Image-text web data:
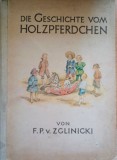Die Geschichte Vom Holzpferdchen (Povestea calutului de lemn) - F.P. Zglinicki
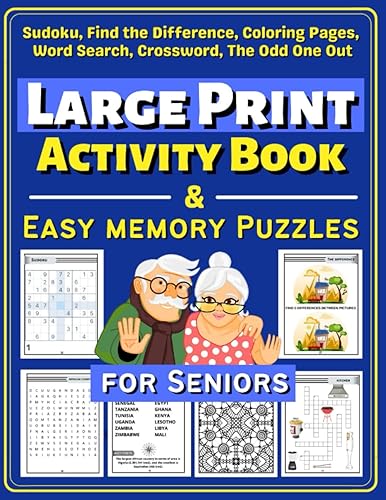 Large Print Activity Book &amp; Easy Memory Puzzles for Seniors: Fun And Relaxing Puzzles For Elderly, Exercises include Word Search, Find the Difference, Coloring Pages, Odd One Out and Crosswords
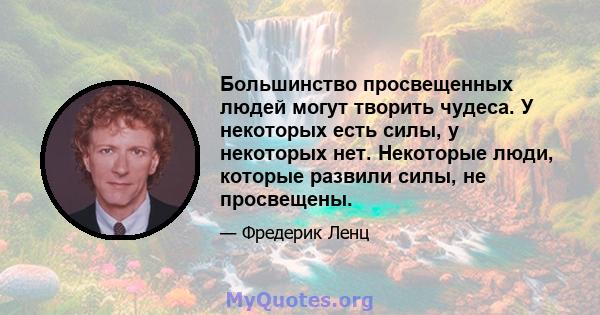 Большинство просвещенных людей могут творить чудеса. У некоторых есть силы, у некоторых нет. Некоторые люди, которые развили силы, не просвещены.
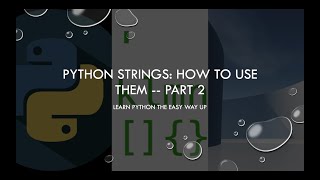 Python strings: how to use them -- Part 2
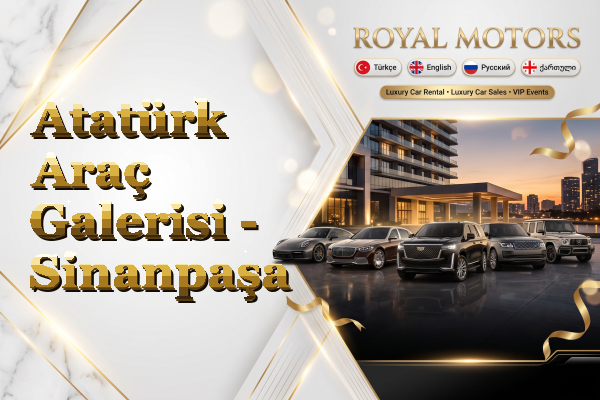 Atatürk Araç Galerisi - Sinanpaşa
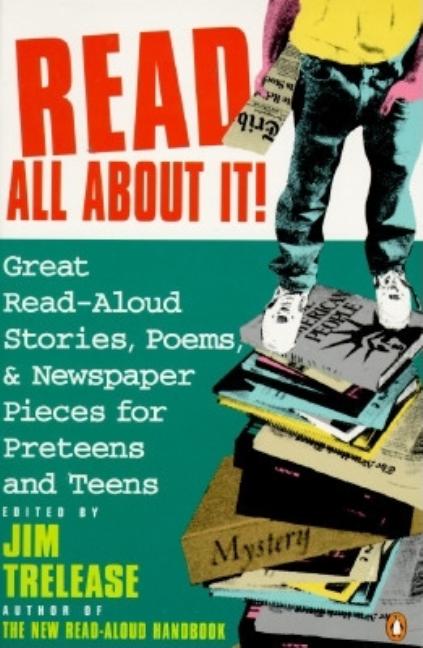 Read All about It!: Great Read-Aloud Stories, Poems, and Newspaper Pieces for Preteens and Teens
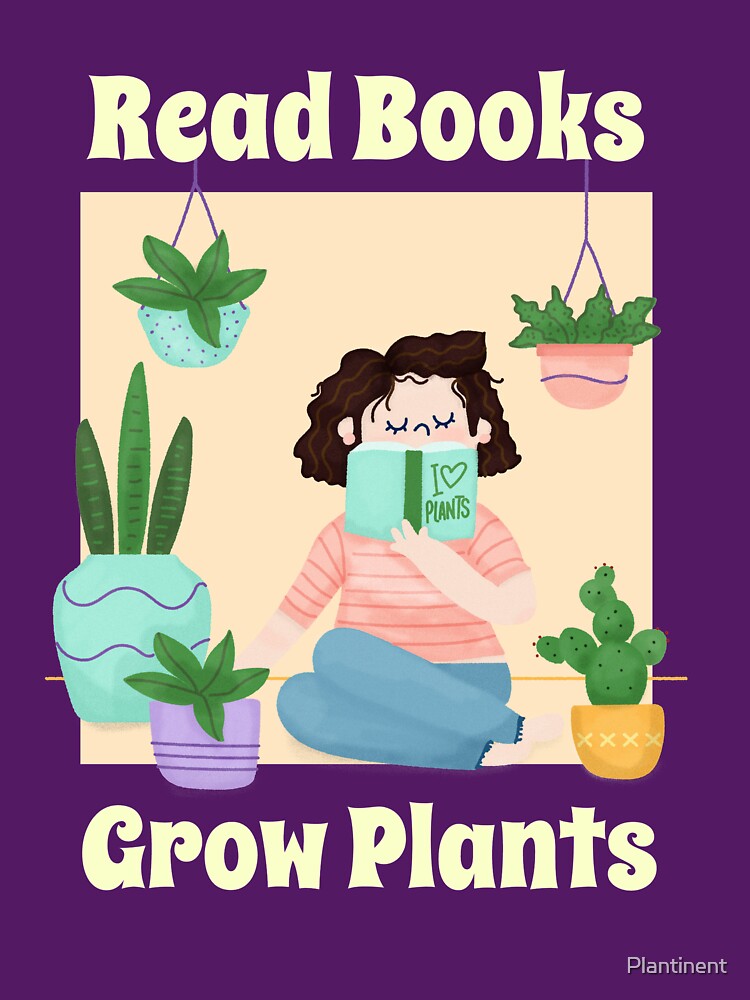 Read Books Grow Plants Tees by Plantinent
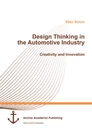 Titel: Design Thinking in the Automotive Industry. Creativity and Innovation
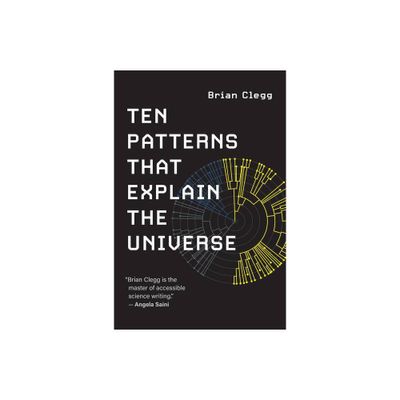 Ten Patterns That Explain the Universe - by Clegg (Paperback)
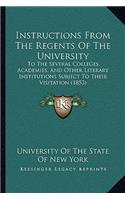 Instructions From The Regents Of The University: To The Several Colleges, Academies, And Other Literary Institutions Subject To Their Visitation (1853)(English)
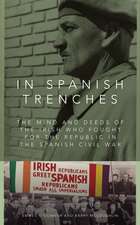 In Spanish Trenches: The Mind and Deeds of the Irish Who Fought for the Republic in the Spanish Civil War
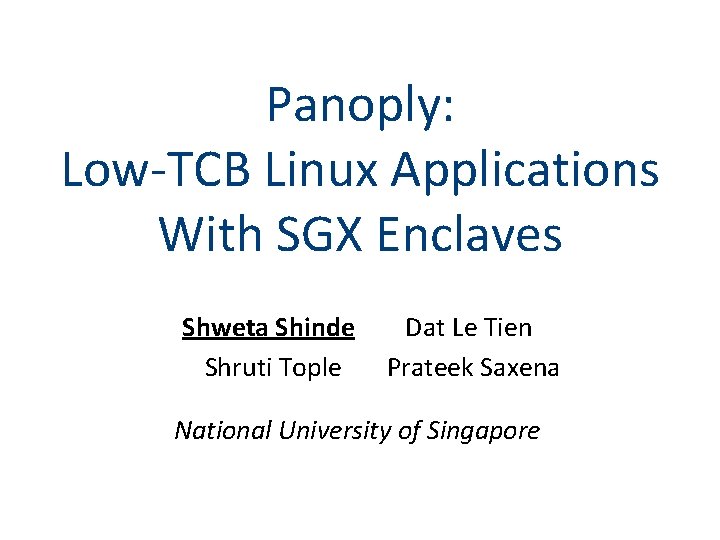 Panoply: Low-TCB Linux Applications With SGX Enclaves Shweta Shinde Dat Le Tien Shruti Tople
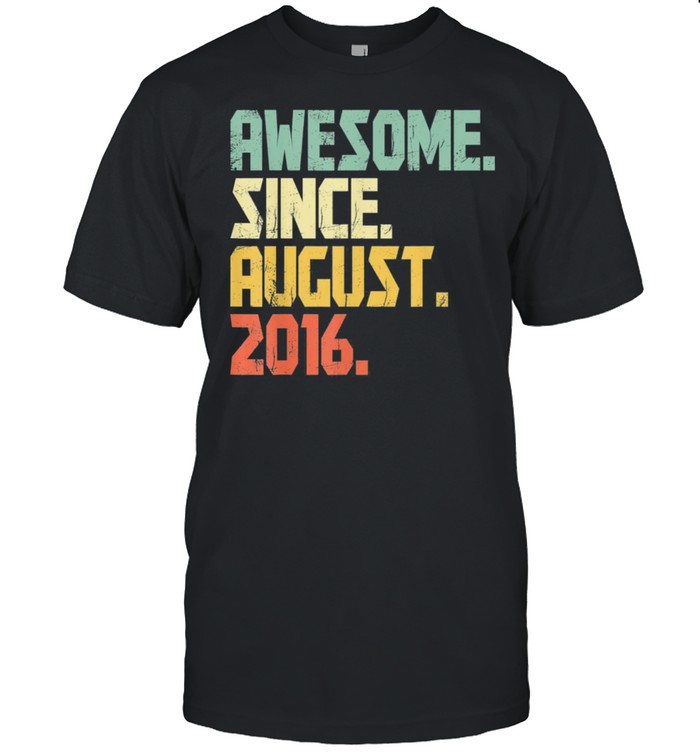 Awesome Since August 2016 5 Years Old Classic T-Shirt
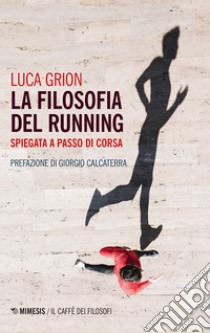 La filosofia del running. Spiegata a passo di corsa libro di Grion Luca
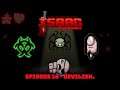 The Binding of Isaac: Repentance - Episode 18 - Devilish.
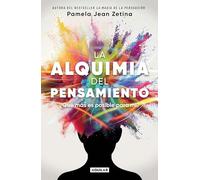 La alquimia del pensamiento / The Alchemy of Thought: Qué más es posible para mi? / What Else Is Possible for Me?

TASK PROMPT:
Extract the entries in full, exactly as they are, minus the pictures.

YOUR RESPONSE:
Die Geschichte Vom Holzpferdchen (Povestea calutului de lemn) - F.P. Zglinicki
 Large Print Activity Book &amp; Easy Memory Puzzles for Seniors: Fun And Relaxing Puzzles For Elderly, Exercises include Word Search, Find the Difference, Coloring Pages, Odd One Out and Crosswords
 Большинство просвещенных людей могут творить чудеса. У некоторых есть силы, у некоторых нет. Некоторые люди, которые развили силы, не просвещены.
 Python strings: how to use them -- Part 2
 Atatürk Araç Galerisi - Sinanpaşa
 Read All about It!: Great Read-Aloud Stories, Poems, and Newspaper Pieces for Preteens and Teens
 Read Books Grow Plants Tees by Plantinent
 Titel: Design Thinking in the Automotive Industry. Creativity and Innovation
 Ten Patterns That Explain the Universe - by Clegg (Paperback)
 Instructions From The Regents Of The University: To The Several Colleges, Academies, And Other Literary Institutions Subject To Their Visitation (1853)(English)
 In Spanish Trenches: The Mind and Deeds of the Irish Who Fought for the Republic in the Spanish Civil War
 Panoply: Low-TCB Linux Applications With SGX Enclaves Shweta Shinde Dat Le Tien Shruti Tople
 Awesome Since August 2016 5 Years Old Classic T-Shirt
 La filosofia del running. Spiegata a passo di corsa libro di Grion Luca
 The Binding of Isaac: Repentance - Episode 18 - Devilish.
 La alquimia del pensamiento / The Alchemy of Thought: Qué más es posible para mi? / What Else Is Possible for Me?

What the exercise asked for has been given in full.